Ntandoyenkosi Welcome Zungu
M.Eng., University of Johannesburg
2025
Handle:
https://hdl.handle.net/10210/519322

Abstract

Deep learning (Machine learning) Human face recognition (Computer science) Video surveillance Human activity recognition Computer Vision
Violence is a pressing global issue, threatening public safety and demanding effective monitoring methods. Video surveillance, particularly remote systems, plays an important role in detecting and responding to violent incidents but faces challenges in terms of accuracy, speed, and resource demands. Recent advancements in deep learning have shown promise in enhancing surveillance capabilities, providing faster and more accurate detection.
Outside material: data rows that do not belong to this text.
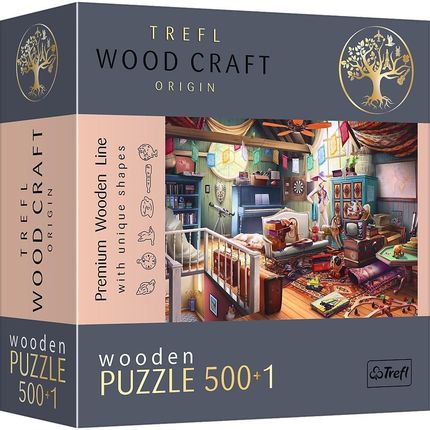 Trefl Puzzle drewniane 500+1el. Skarby na strychu 20179
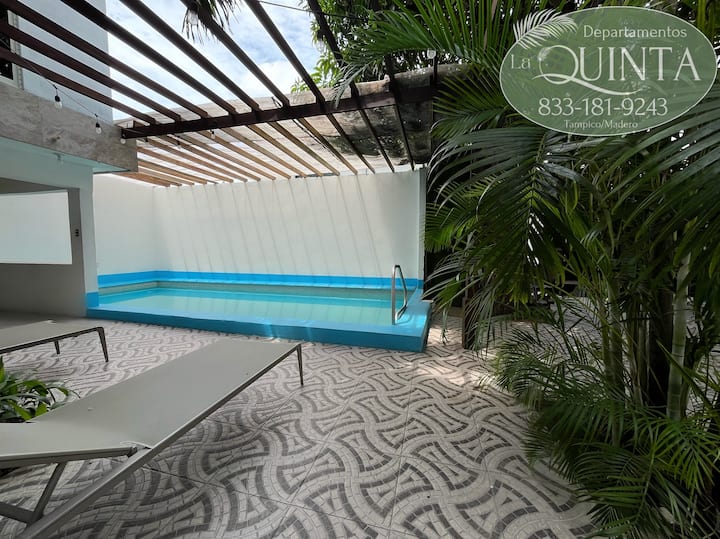 24 Huespedes Piscina, Terraza A 15mins De Playa - タンピコ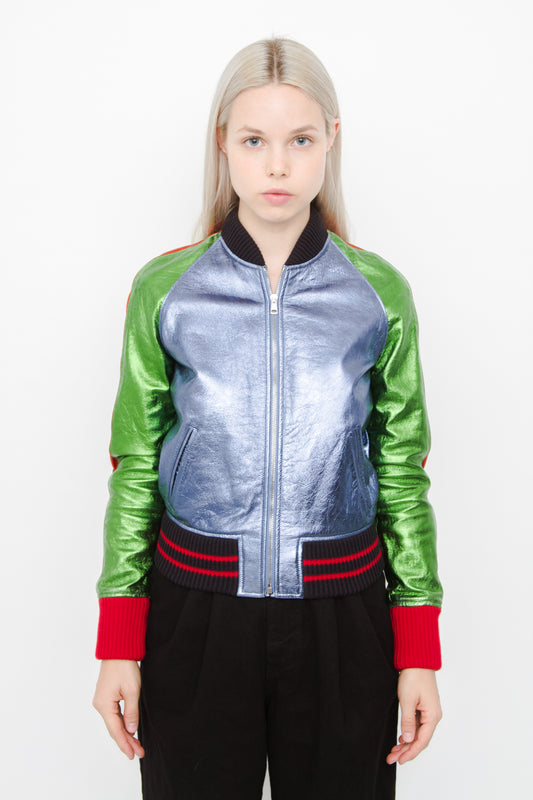 NEW 2017 LEATHER BOMBER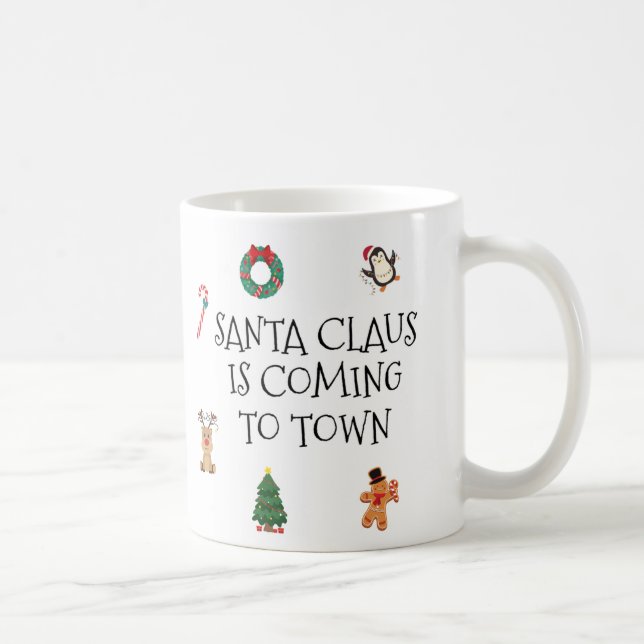 De Café Taza Santa Claus viene a la ciudad (Derecha)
In this dissertation, a new deep learning architecture is presented, named SynthSecureNet, which addresses these limitations by hybridizing two popular architectures: MobileNetV2 and ResNet50V2. This study aims to harness the combined strengths of these models to improve violence detection accuracy while maintaining computational efficiency. SynthSecureNet leverages the pre-trained weights of MobileNetV2 and ResNet50V2, employing transfer learning to initialize the network. The architecture is then fine-tune using the Real-Life Violence Situations Dataset, consisting of 2000 labelled surveillance videos. The model’s performance is evaluated using metrics including accuracy, precision, recall, and F1 score, with particular focus on optimizing the fusion process between the two base architectures. Experimental results demonstrate significant improvements in violence detection performance. While MobileNetV2 achieves 90% accuracy and ResNet50V2 reaches 94%, SynthSecureNet attains a remarkable 99.22% accuracy. This substantial enhancement in performance is consistent across various dataset sizes, ranging from 400 to 2000 videos. The SynthSecureNet architecture offers a comprehensive solution that addresses the limitations of existing single-model approaches. By combining the efficiency of MobileNetV2 with the depth of ResNet50V2, this model provides a more robust and accurate tool for violence detection in surveillance footage. These findings pave the way for more effective surveillance and crime prevention strategies, potentially improving response times to violent incidents and enhancing public safety.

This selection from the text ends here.